▶ **WORK INSTRUCTION**
Please copy, word for word, the line holding "2705 Pine Drive, Arnold, CA 95223" and each line that follows it through the end of the entries, omitting any pictures.

(TASK INPUTS Opens)

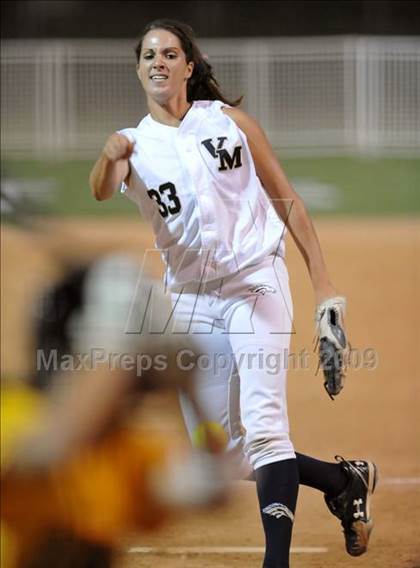 Thumbnail 3 in Etiwanda vs. Vista Murrieta (CIF SS D2 Final) photogallery.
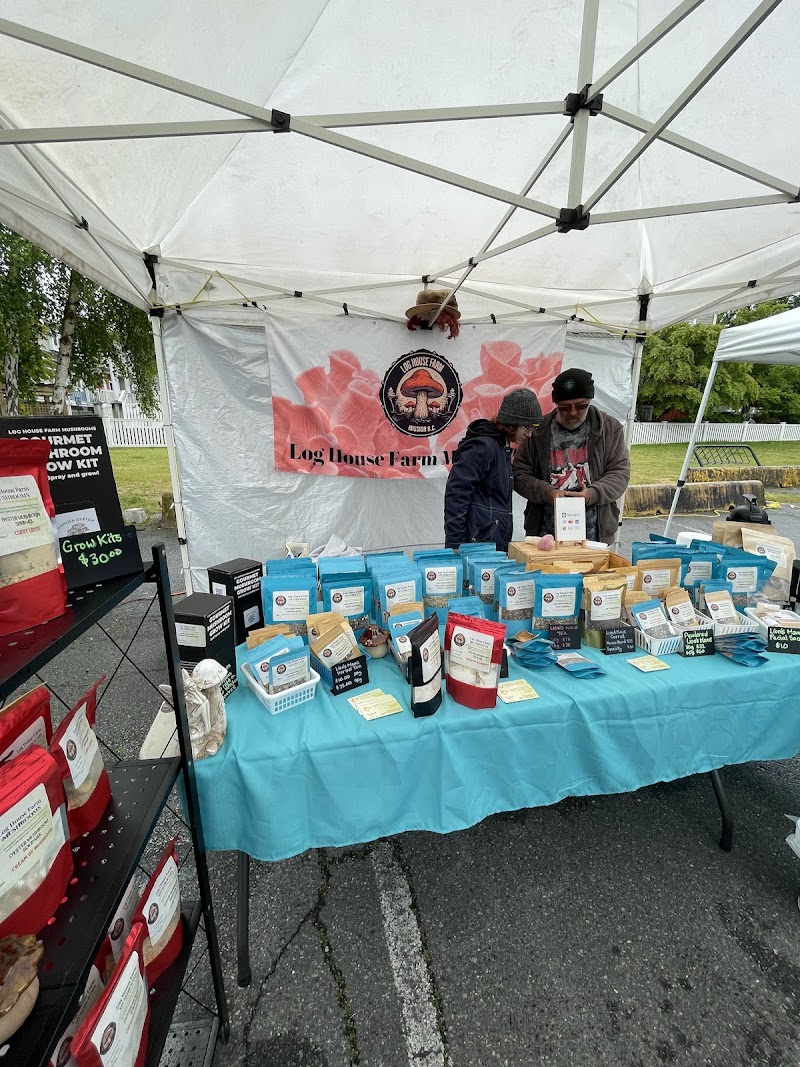 Steveston Fruit and Veggie Farm Market 4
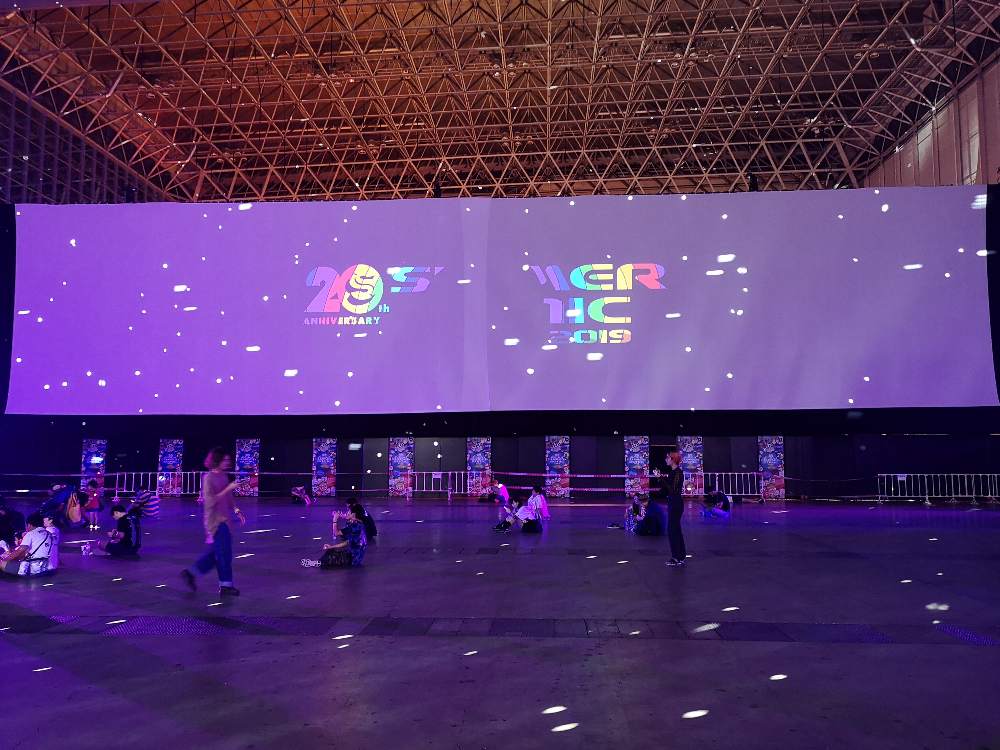 メッセ内の巨大な映写。モニターではありません。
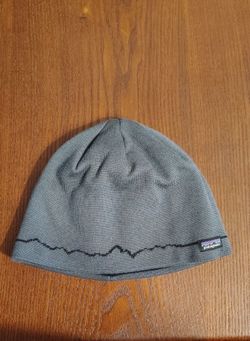 MEN'S PATAGONIA LOW-PROFILE FIT GRAY BEANIE HAT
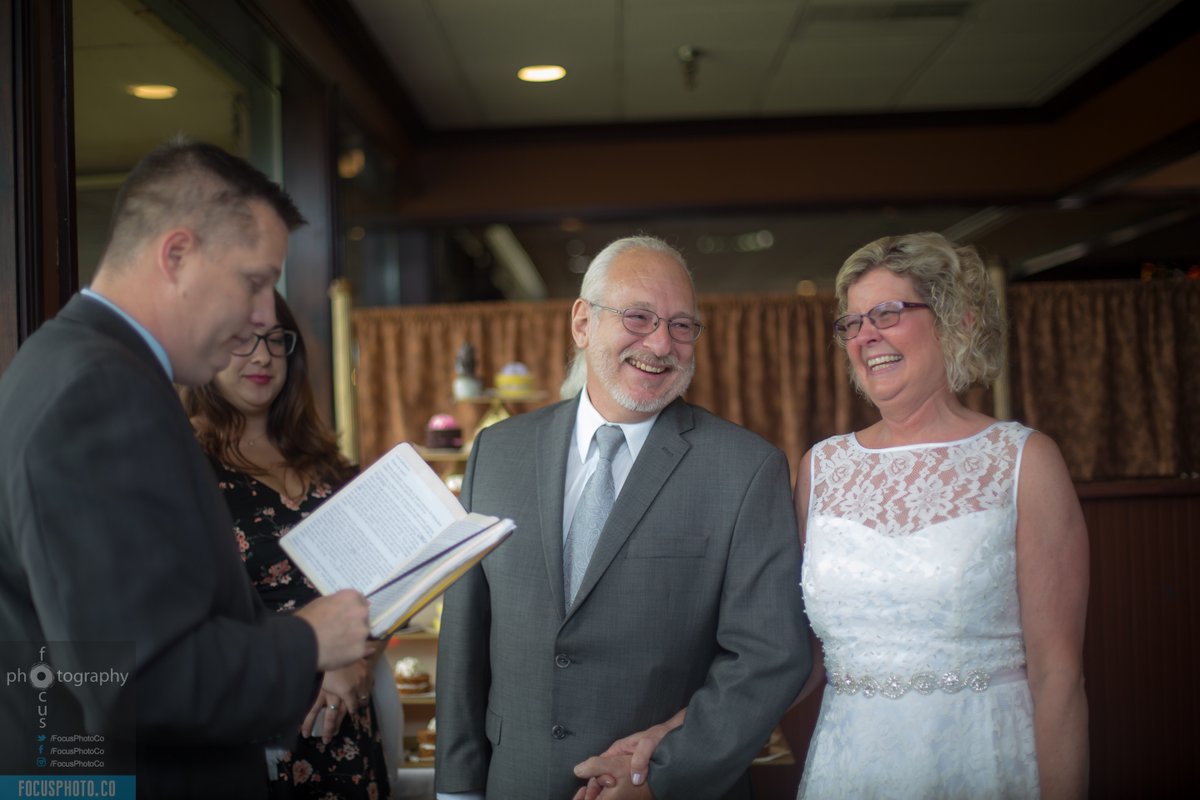 FocusPhotoCo's tweet photo. Tom & Kathy, may this happiness & love follow you every day! #wedding #FocusPhotoCo #Michigan #photography https://t.co/0nw2JDWchp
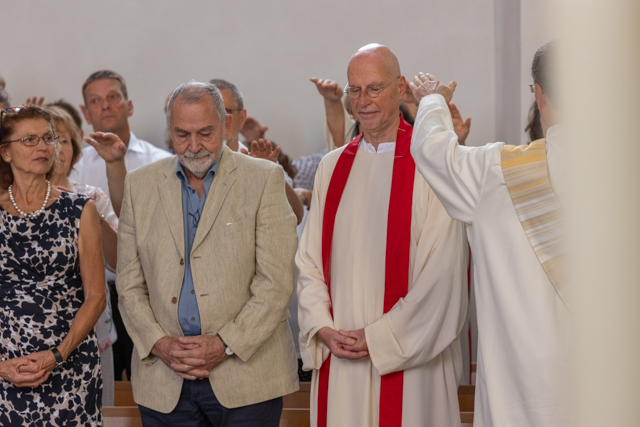 Am Ende der Feier wurde Markus Krauth von der ganzen Gemeinde gesegnet.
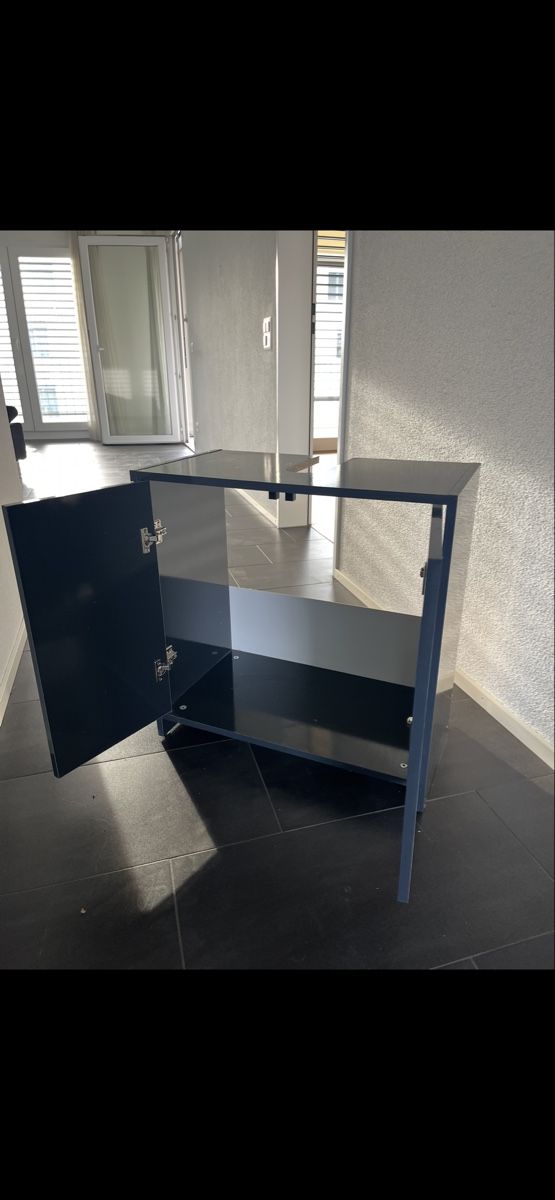 Badezimmermöbel: Lavabounterschrank – Gebraucht aus Leibstadt von kev_6xqc 2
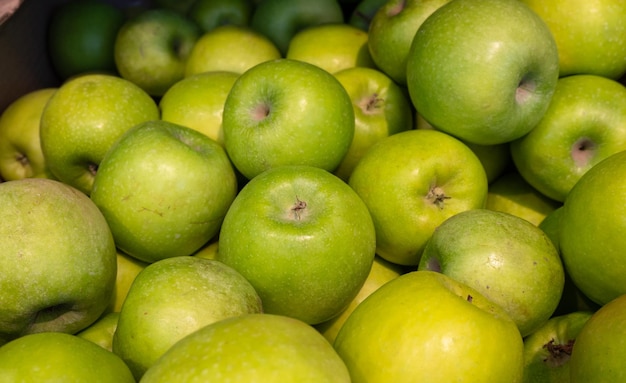 Photo green apples closeup on the market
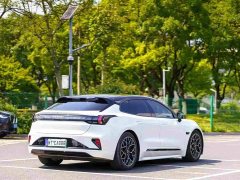 Zeekr 001 YOU Edition 100kWh AWD - фото 4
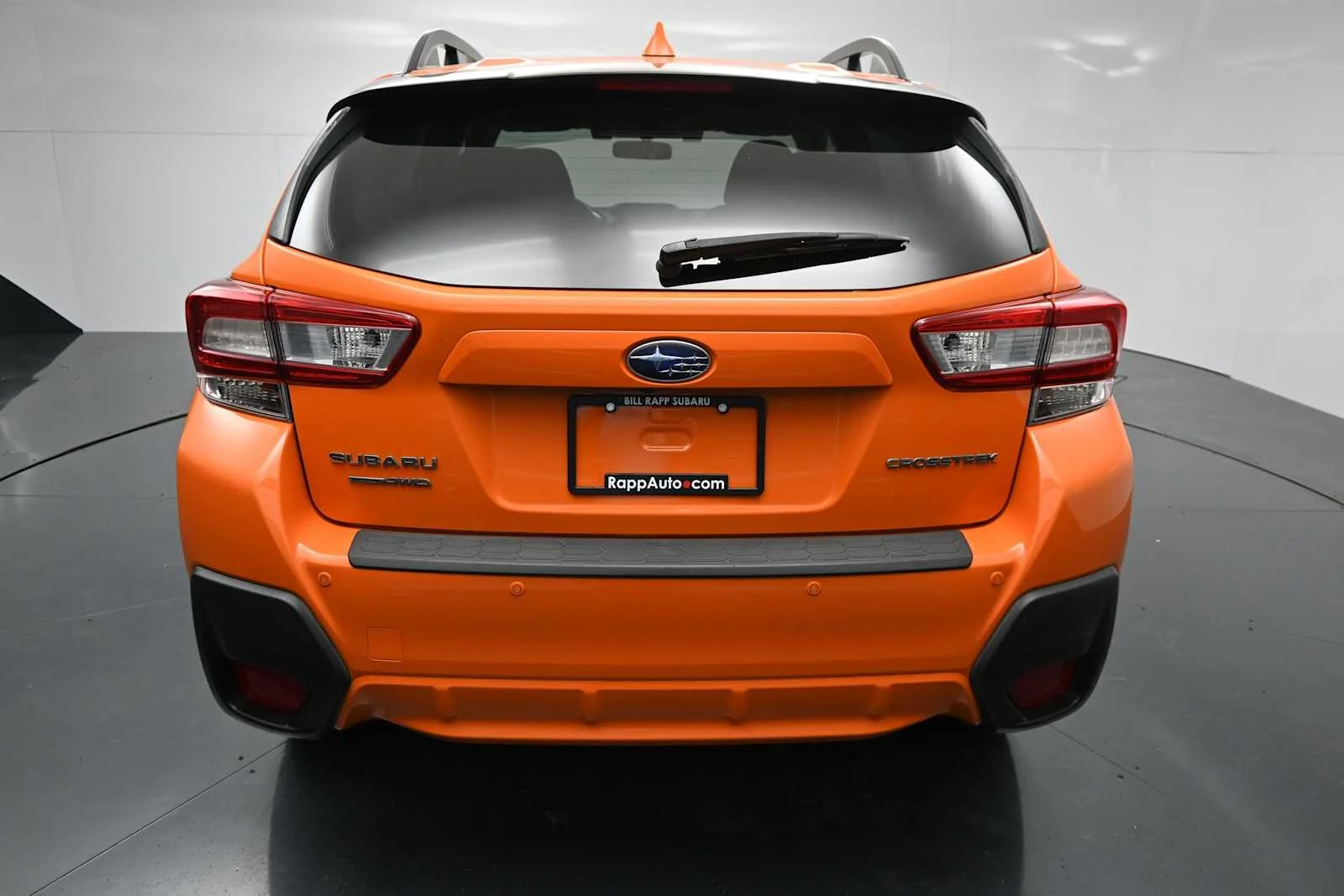 Used 2019 Sunshine Orange Subaru Limited image 6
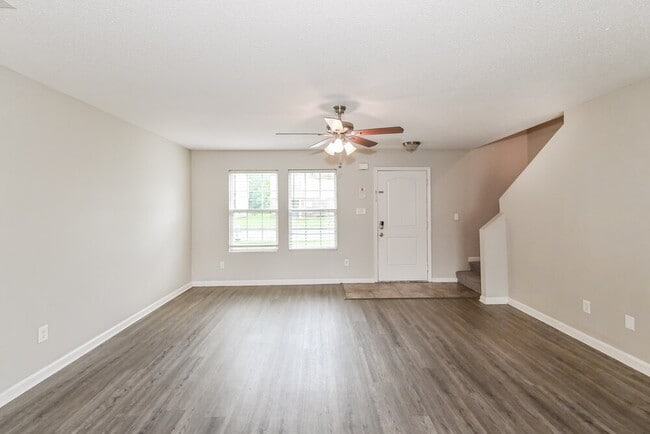 Photo - 2500 Boxford Ln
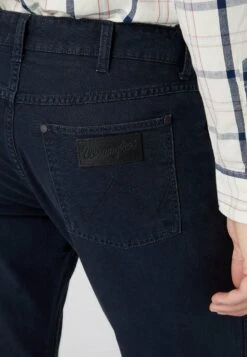 Wrangler Sboro - Pantalones - Dark Navy -Wrangler 7d0535f06e5e46129f7367048c2a1cc5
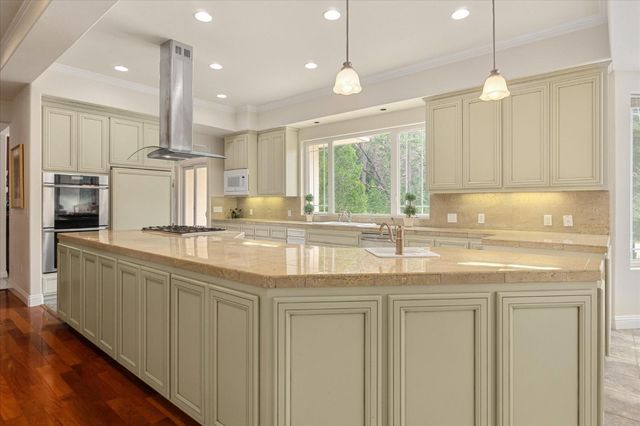 2705 Pine Drive, Arnold, CA 95223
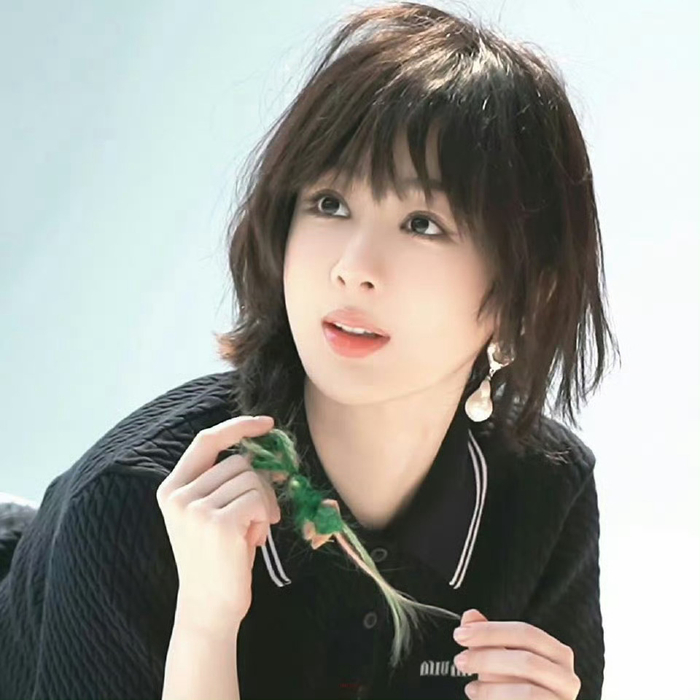 杨紫时尚芭莎短发造型,酷酷的像个美男子,这算是去"土"成功了吗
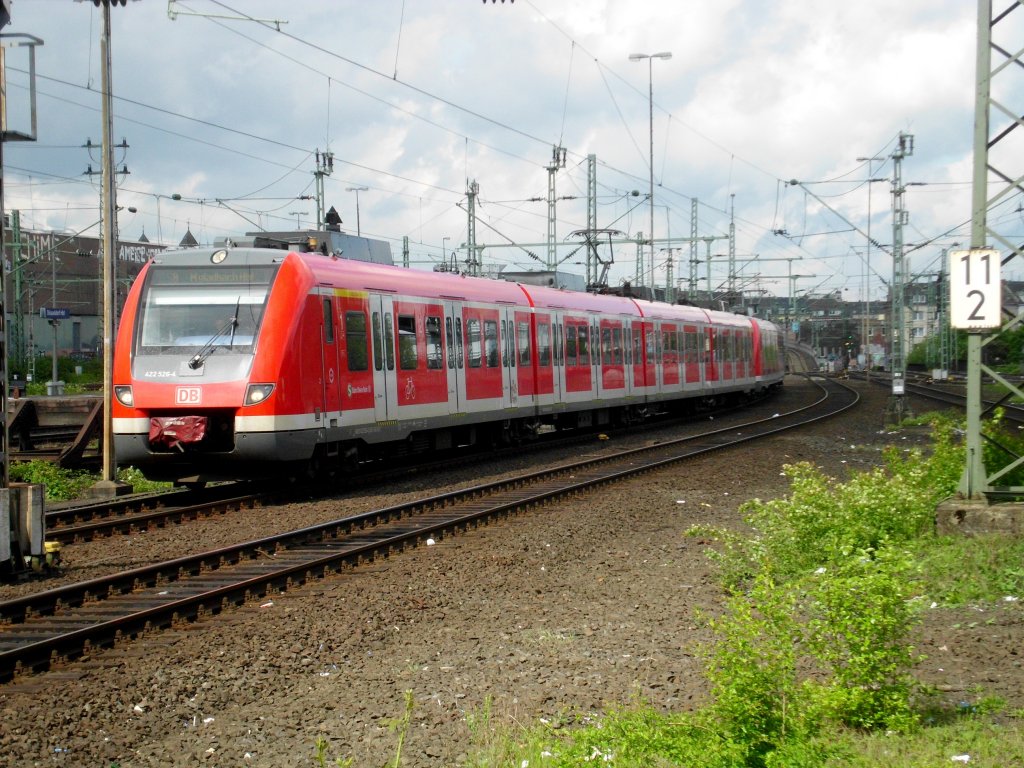  BR 422 als S8 nach S-Bahnhof Mnchengadbach am Hauptbahnhof Dsseldorf.(12.5.2013)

(TASK INPUTS Closes)

▶ **TASK RESULT**
 2705 Pine Drive, Arnold, CA 95223
 杨紫时尚芭莎短发造型,酷酷的像个美男子,这算是去"土"成功了吗
  BR 422 als S8 nach S-Bahnhof Mnchengadbach am Hauptbahnhof Dsseldorf.(12.5.2013)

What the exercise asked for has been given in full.